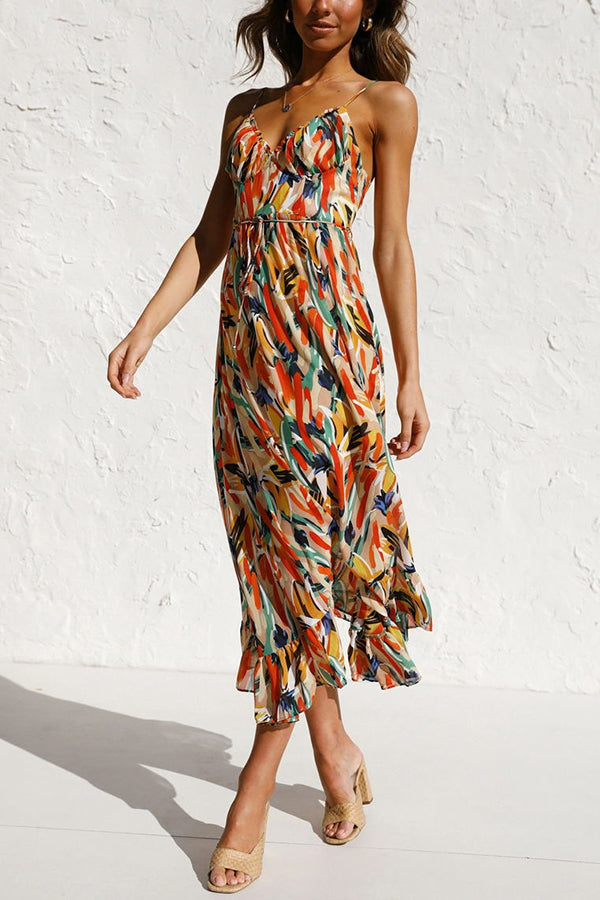 Airy maxi summer dress with a waist cut - Mira-Yellow-S-The Livary
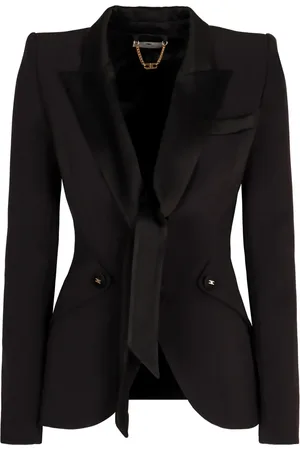 Elisabetta Franchi Satin-lapels crepe blazer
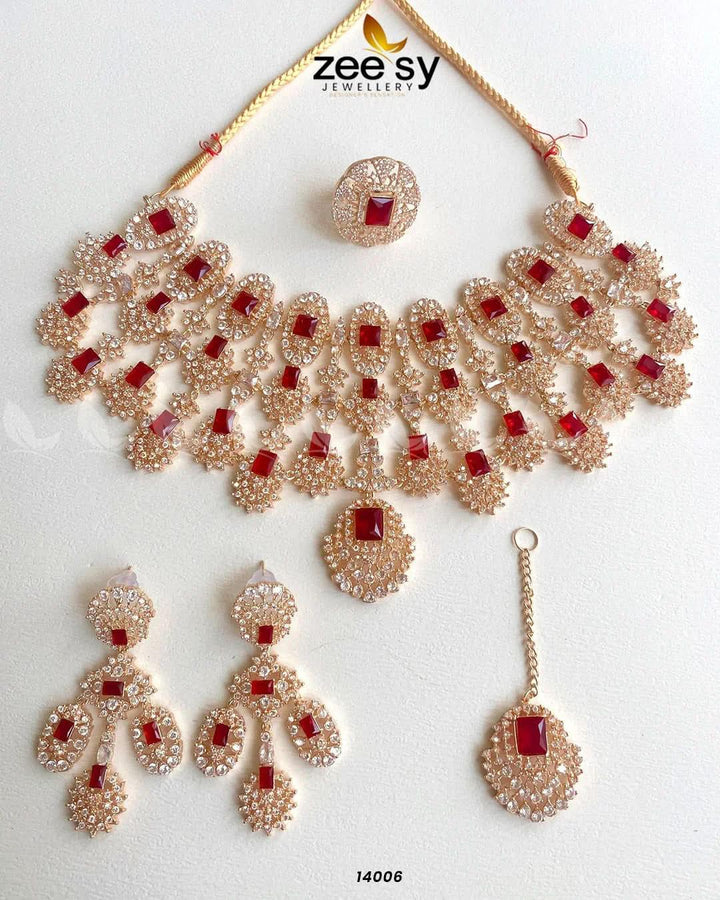 Kiara Advani Bridal Set Golden Red Bridal Set - Zeesy Jewellery Pakistan | Premium Artificial & Imitation Jewellery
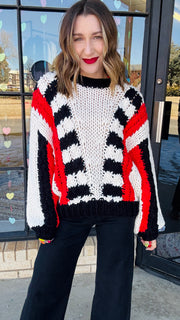 Tyra Chunky Knit Striped Sweater- Red & Black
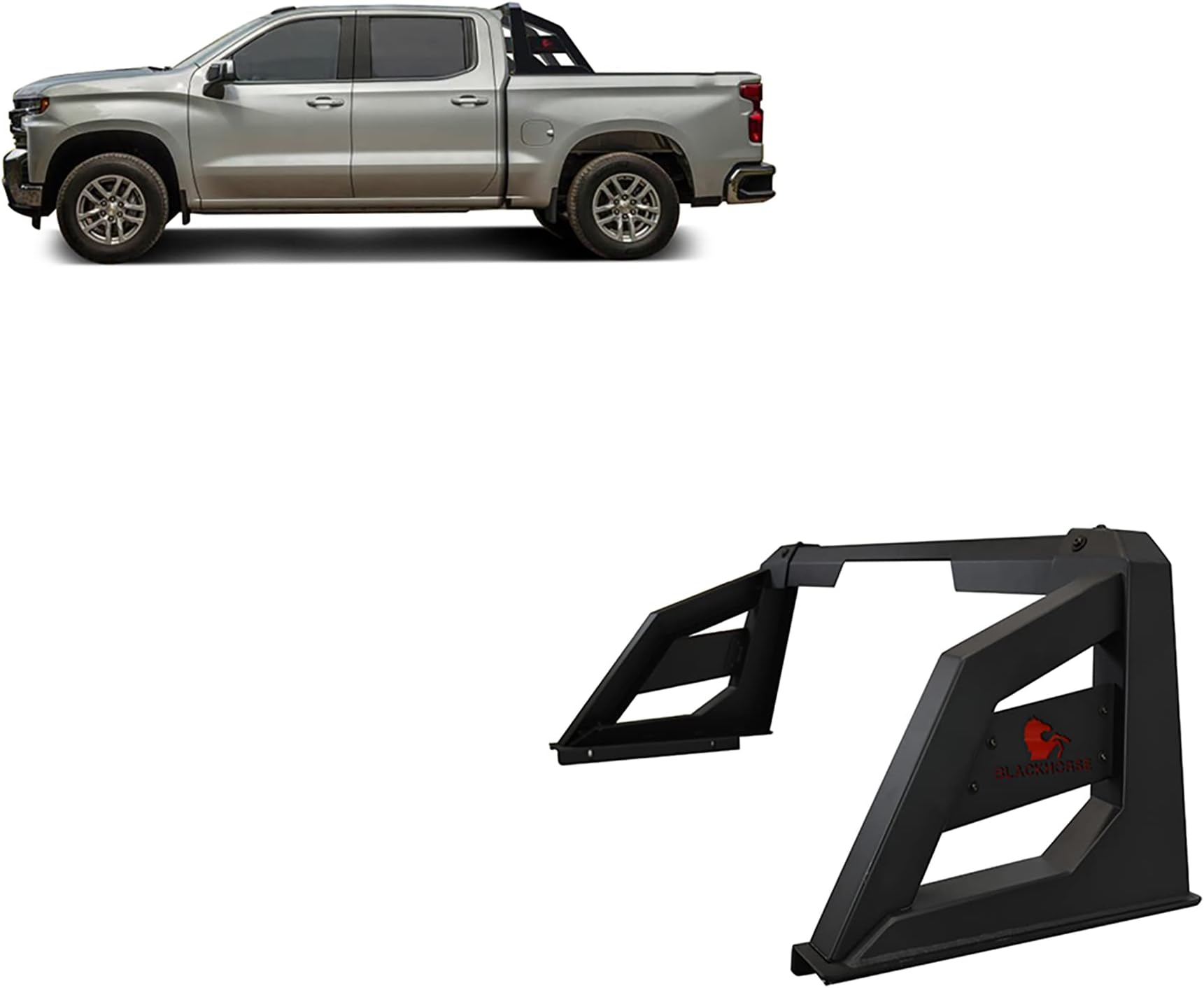 Black Horse Armour Roll Bar Matte Black Compatible with 2001-2006 Chevrolet Silverado 3500|2007-2026 Chevrolet Silverado 3500 HD|2000-2026 Ford F-150|2007-2026 GMC Sierra 3500 HD| 2007-2026 Tundra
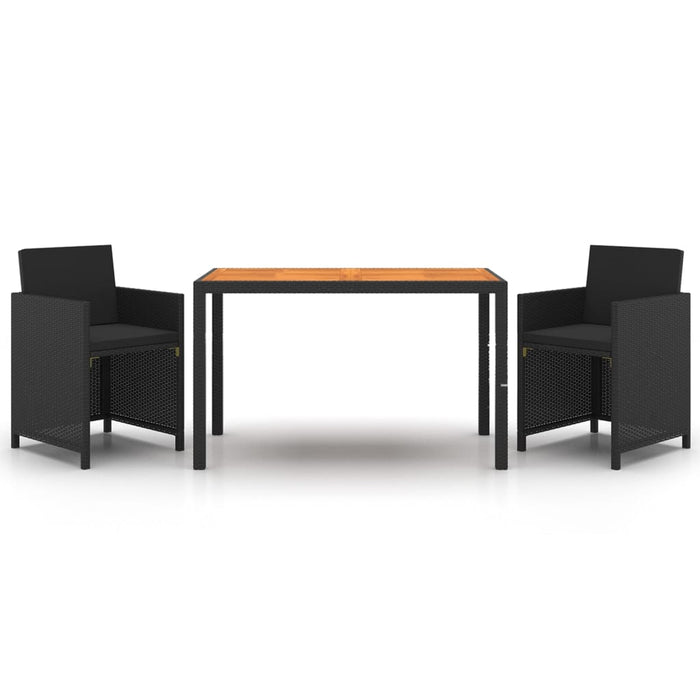 3-tlg. Garten-Essgruppe mit Kissen Poly Rattan Schwarz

----------

Skipping any pictures, copy the entries exactly as they appear.

## [OUTPUT OF THE TASK]
 Airy maxi summer dress with a waist cut - Mira-Yellow-S-The Livary
 Elisabetta Franchi Satin-lapels crepe blazer
 Kiara Advani Bridal Set Golden Red Bridal Set - Zeesy Jewellery Pakistan | Premium Artificial & Imitation Jewellery
 Tyra Chunky Knit Striped Sweater- Red & Black
 Black Horse Armour Roll Bar Matte Black Compatible with 2001-2006 Chevrolet Silverado 3500|2007-2026 Chevrolet Silverado 3500 HD|2000-2026 Ford F-150|2007-2026 GMC Sierra 3500 HD| 2007-2026 Tundra
 3-tlg. Garten-Essgruppe mit Kissen Poly Rattan Schwarz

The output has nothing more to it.